**Your task**
Each line of the data is to be output verbatim, with the images removed.

**Input data**

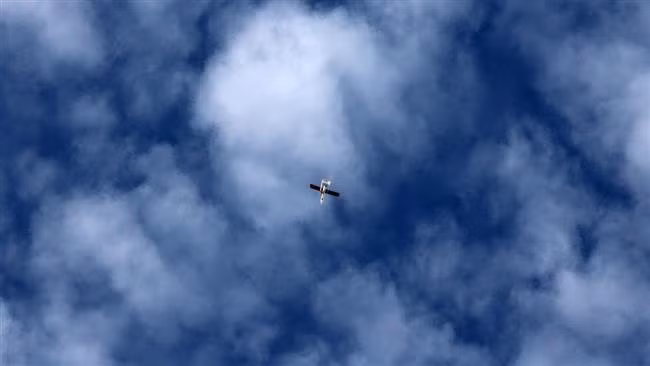 UAV Ghods Mohajer tham gia cuộc tập trận với vai trò trinh sát chiến trường.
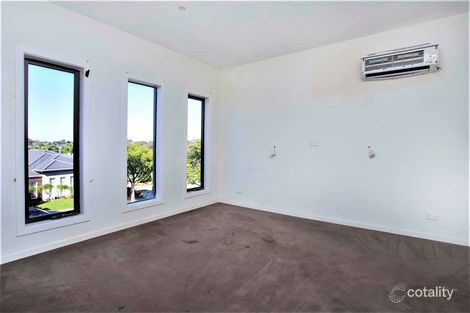 Property photo of 28 Maddingley Road Attwood VIC 3049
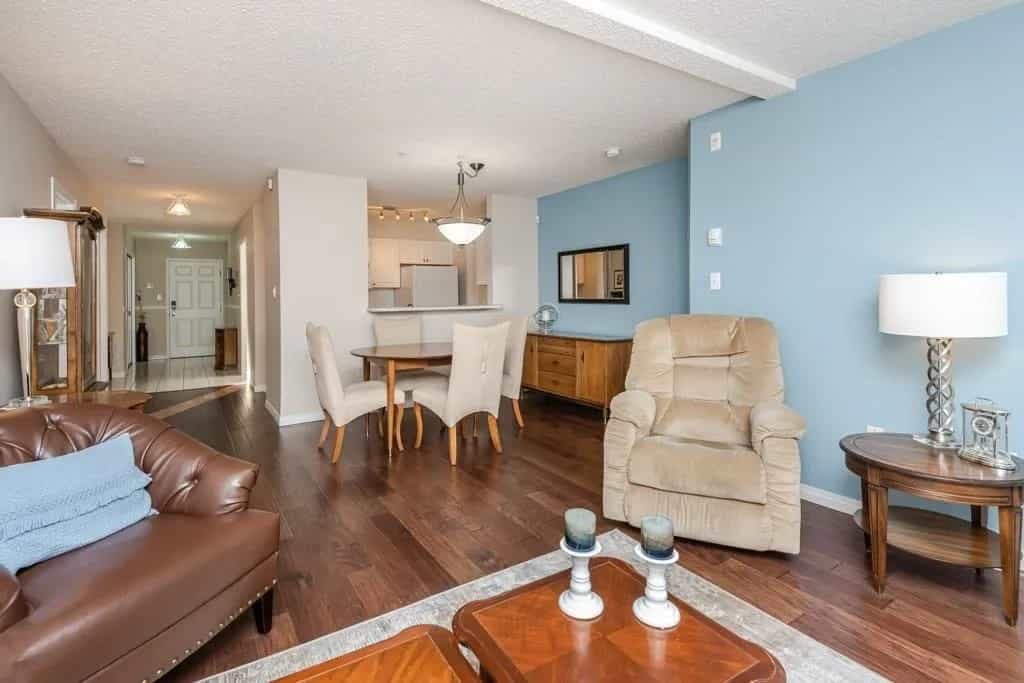 公寓 在 Edmonton, Alberta 10080944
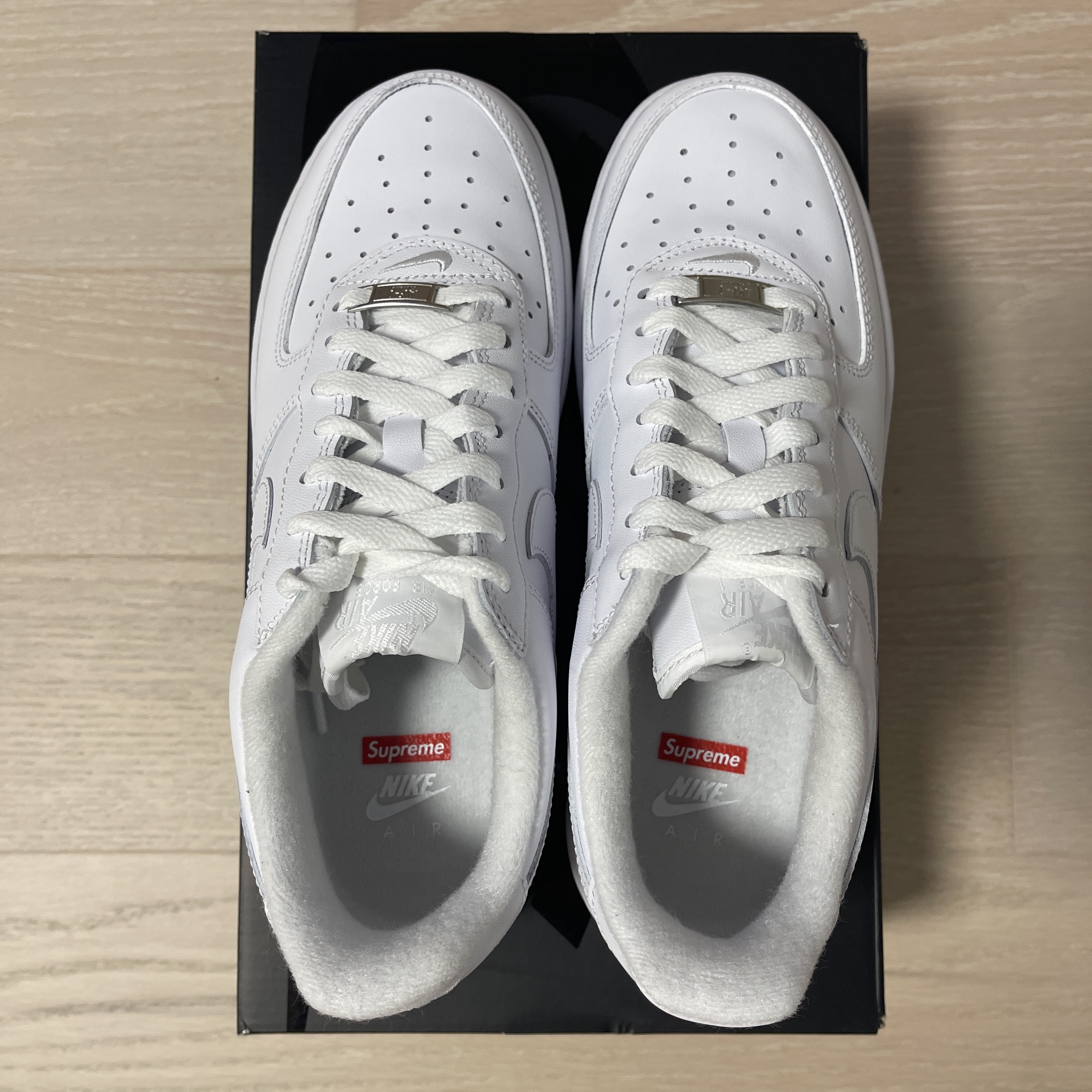 Nike x Supreme Air Force 1 Low White 착용 스타일 - 2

**Result below**
 UAV Ghods Mohajer tham gia cuộc tập trận với vai trò trinh sát chiến trường.
 Property photo of 28 Maddingley Road Attwood VIC 3049
 公寓 在 Edmonton, Alberta 10080944
 Nike x Supreme Air Force 1 Low White 착용 스타일 - 2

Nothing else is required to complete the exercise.